[[ INFORMATION SUPPLIED open ]]
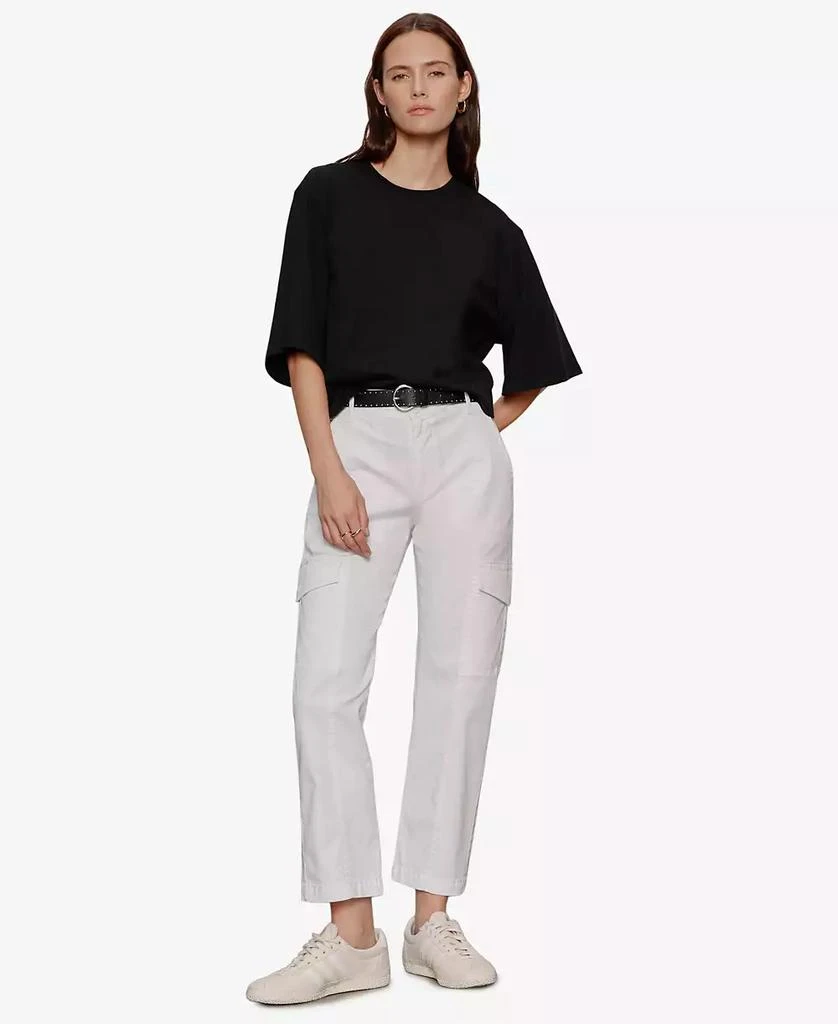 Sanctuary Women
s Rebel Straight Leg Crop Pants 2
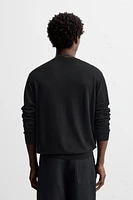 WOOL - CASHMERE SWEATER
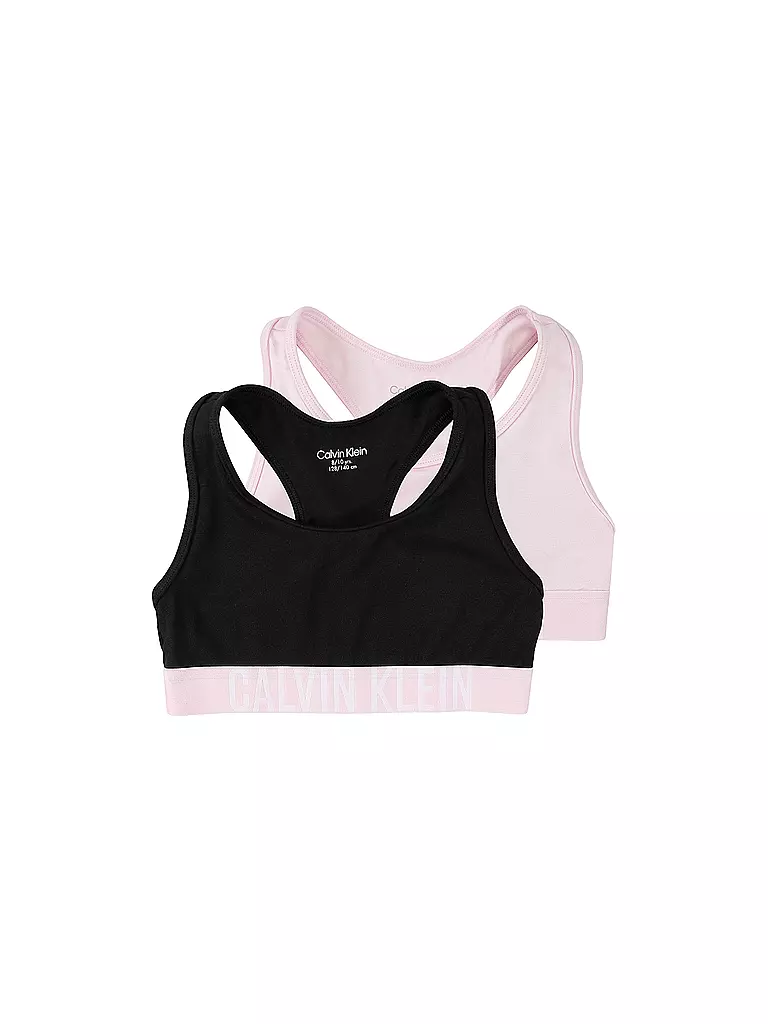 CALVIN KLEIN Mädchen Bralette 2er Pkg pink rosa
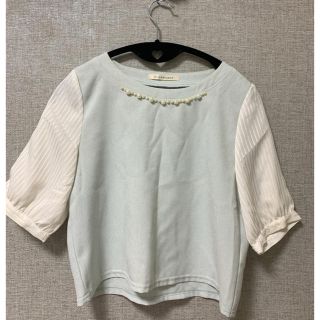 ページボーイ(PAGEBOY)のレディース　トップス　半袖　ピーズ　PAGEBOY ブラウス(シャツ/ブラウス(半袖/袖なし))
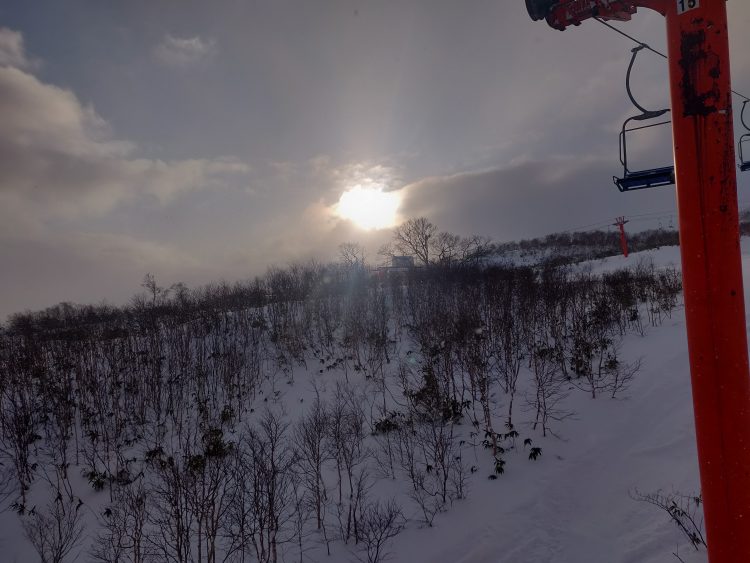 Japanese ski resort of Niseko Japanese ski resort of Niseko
[[ INFORMATION SUPPLIED closed ]]
# WORK INSTRUCTION
Could you set down every record above exactly as written, leaving out the pictures?

# ANSWER SPACE
 Sanctuary Women
s Rebel Straight Leg Crop Pants 2
 WOOL - CASHMERE SWEATER
 CALVIN KLEIN Mädchen Bralette 2er Pkg pink rosa
 ページボーイ(PAGEBOY)のレディース　トップス　半袖　ピーズ　PAGEBOY ブラウス(シャツ/ブラウス(半袖/袖なし))
 Japanese ski resort of Niseko Japanese ski resort of Niseko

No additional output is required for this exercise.